La guerre fait rage en Europe depuis trois ans. Les Américains approvisionnent les pays de l’Entente. Il y a deux mois, le président Wilson déclarait la guerre à l’Empire allemand. John s’est levé ce matin, fier d’appartenir à l’armée américaine qui ne compte que deux cent mille hommes. À ses côtés, sa femme Jane n’a pas dormi de la nuit. John quitte le pays aujourd’hui pour la France, Brest plus précisément. Il combattra sur le front en Lorraine. John s’étire et revêt son uniforme de soldat. Il n’a pas de temps à perdre. Il veut savourer les derniers instants avec sa femme et ses deux enfants. Jane sort du lit pour lui préparer un grand bol de café chaud. John enfile son pantalon de soldat, fixe une large ceinture autour de sa vareuse, enroule ses bandes molletières au bas de son pantalon et place sur son dos son masque à gaz. Il est fin prêt. « Le petit déjeuner est servi, honey ! » l’informe Jane. Leurs deux enfants sont debout. Ils vont dire au revoir à leur père.

 

— Je vais me battre au nom de la France, répète John à sa femme Jane.   

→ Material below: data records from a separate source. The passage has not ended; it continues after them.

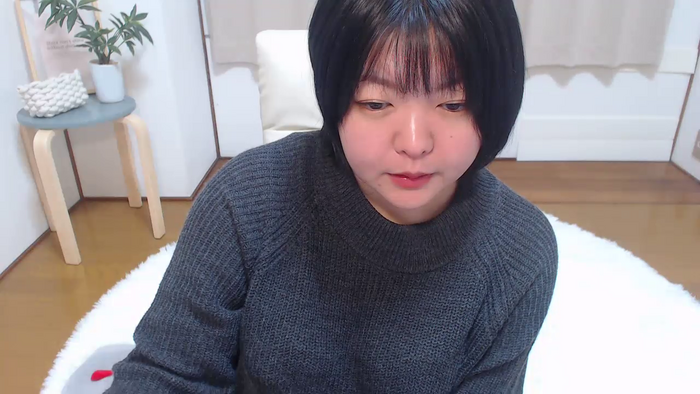 AKIxx65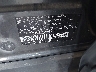 2T3C1RFV7RW****** Used 2024 Toyota RAV4 in Fontana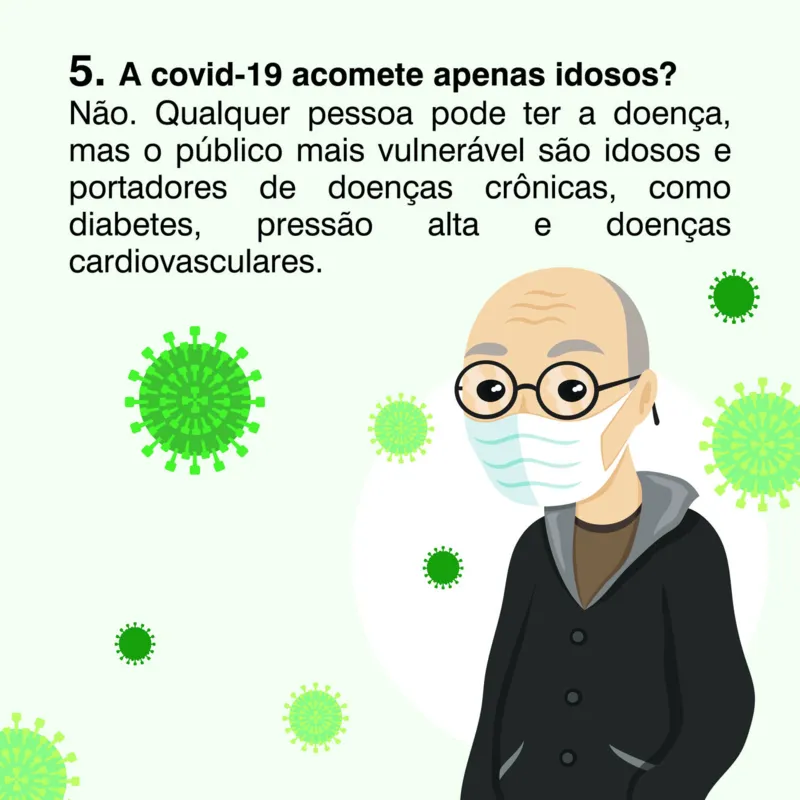 Imagem ilustrativa da imagem Londrina vai contratar mais médicos e limita venda de álcool em gel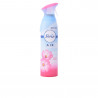 FEBREZE BLOSSOM & BREEZE spray 300 ml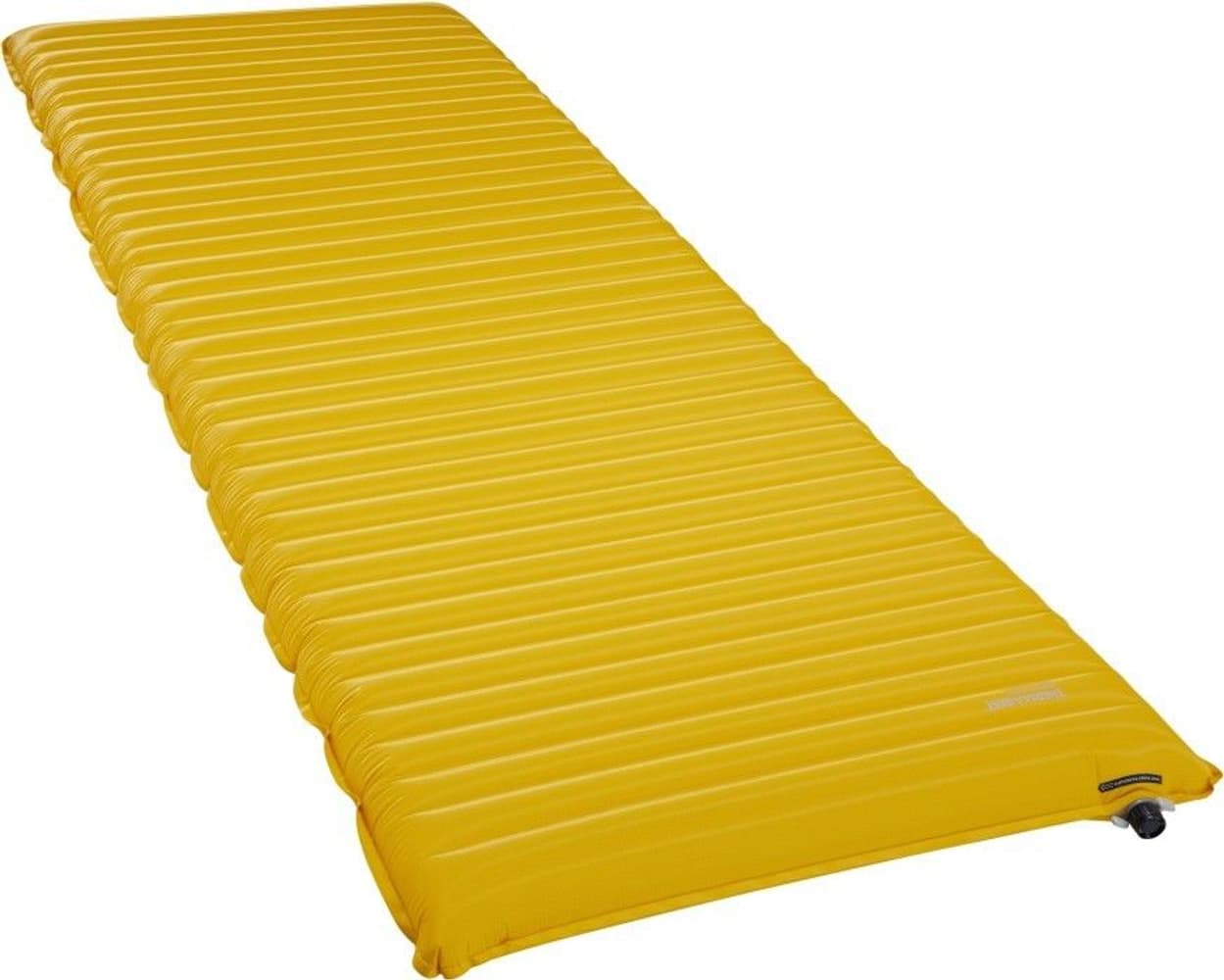 NeoAir XLite NXT Max L Solar Flare, view: 0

— Papa, pourquoi pars-tu en guerre ? lui demande son fils. Est-ce que ça veut dire que l’on ne va plus te revoir ? Et maman, dans tout ça ? Je vais faire des cauchemars sans toi…

— Pas de cauchemars ! Maman est là, elle va s’occuper de vous en mon absence…

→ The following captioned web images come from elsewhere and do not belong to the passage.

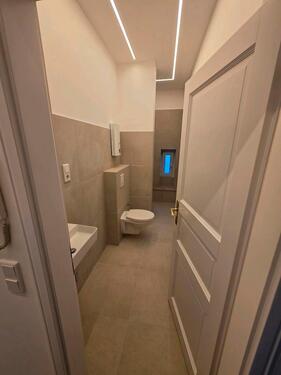 Foto - 2 Zimmer Etagenwohnung zur Miete in Berlin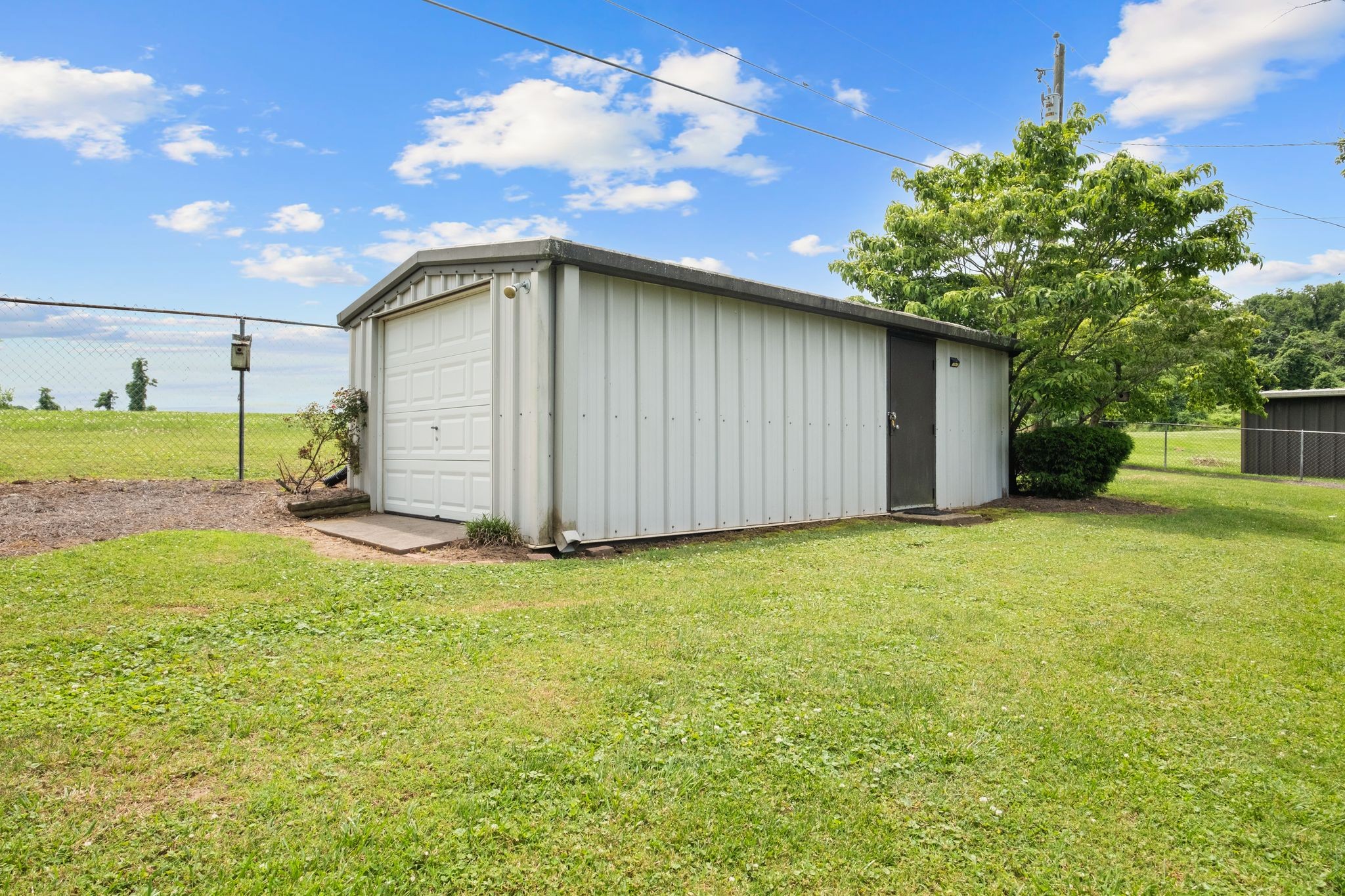 2451 Cabin Hill Rd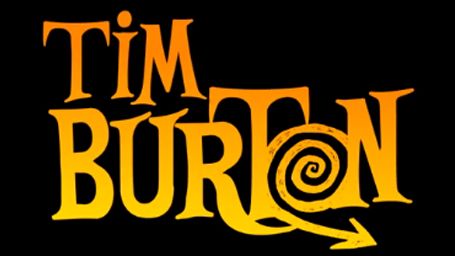 image de la news Exposition Tim Burton à la Cinémathèque : Derniers jours !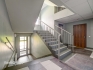 Apartment for sale, Slokas iela street 130A - Image 1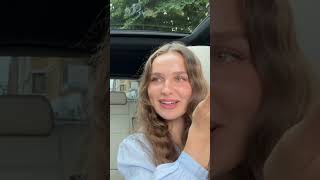 Bare Minimum oder 👸🏼 #imani #nader #naderjindaoui #louisajindaoui #louisa #nidal #nidalo #imany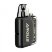 Voopoo Argus P1 800 mAh Black (Оригинал)  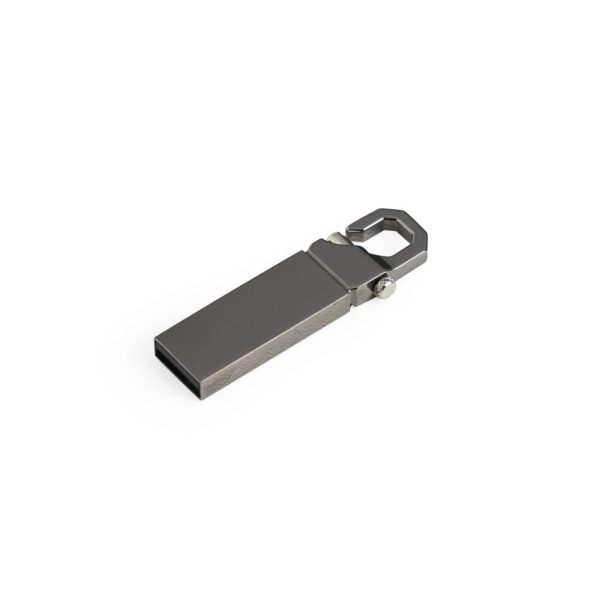 72 | Pen Drive Gancho 4GB/8GB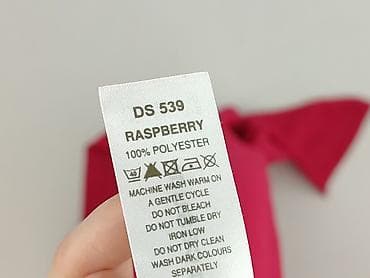 bluzki blue shadow: Narzutka damska, rozmiar 2XL — 4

— Papa, je veux venir avec toi ! s’enthousiasme sa fille. Je veux venir avec toi en France, je veux aller en France…

— Tu sais qu’en France, il n’y a pas de chocolat ni de chewing-gum mon amour ! Rien de tout ça !

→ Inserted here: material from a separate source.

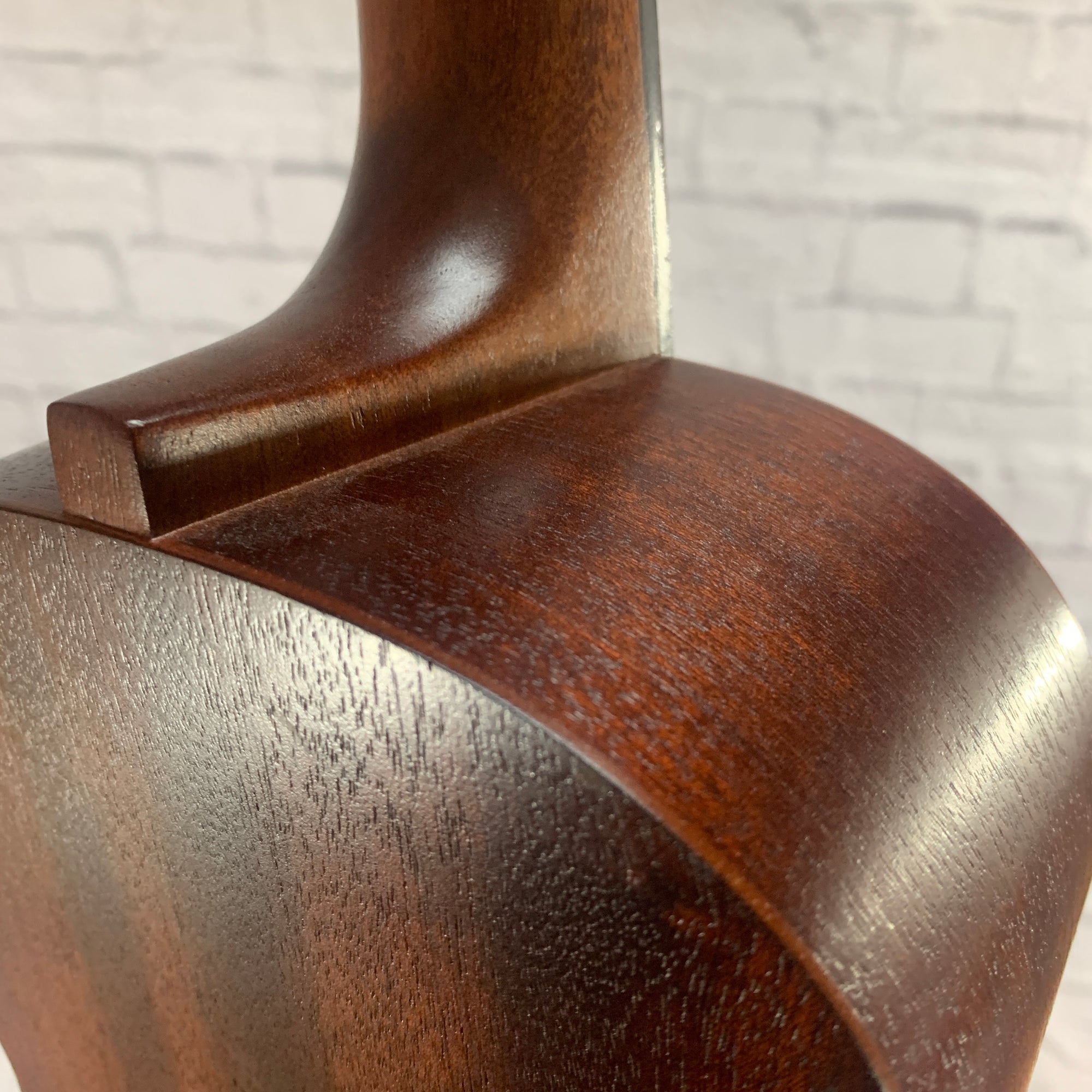Makala MK-T Tenor Ukulele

— Ton père part en guerre pour sauver la France de l’Empire allemand, explique la mère à leurs deux enfants. Il ne va pas tarder à revenir. Vous devez être fiers de votre père. Il va se battre au nom de l’Amérique, il fait la fierté de notre pays.

 

John est un sammy. C’est ainsi que les ont nommés les Français à leur arrivée sur le front. Les sammies en référence à l’oncle Sam ! Samuel Wilson, plus communément connu sous le nom de l’oncle Sam, s’est engagé dans l’armée continentale en 1781. Ses tâches consistaient à garder et à s'occuper du bétail, à réparer les clôtures, à abattre et à emballer la viande. La garde de la viande était une priorité pendant la guerre de 1812. Oncle Sam, alors, approvisionna l’armée de l’Union avec deux cent mille kilogrammes de porc et trois cent mille kilogrammes de bœuf. Les sammies étaient les bienvenus en France. Les Français fournirent à cette armée américaine qui se voulait indépendante plus de deux mille canons, un peu moins de cinq mille avions, la quasi-totalité des munitions d’artillerie, des dizaines de milliers de mitrailleurs et plus de vingt millions de cartouches. Les civils américains donnèrent aux Français du savon, du tabac blond et des boîtes de conserve. Leur solde était équivalente à celle des officiers français. Ainsi les habitants en France leur vendaient des omelettes, des volailles, des pâtisseries ou des douilles d’obus ciselées par les poilus. La prohibition faisait rage aux États-Unis, et certains sammies abusaient du vin, de la bière et de la gnôle.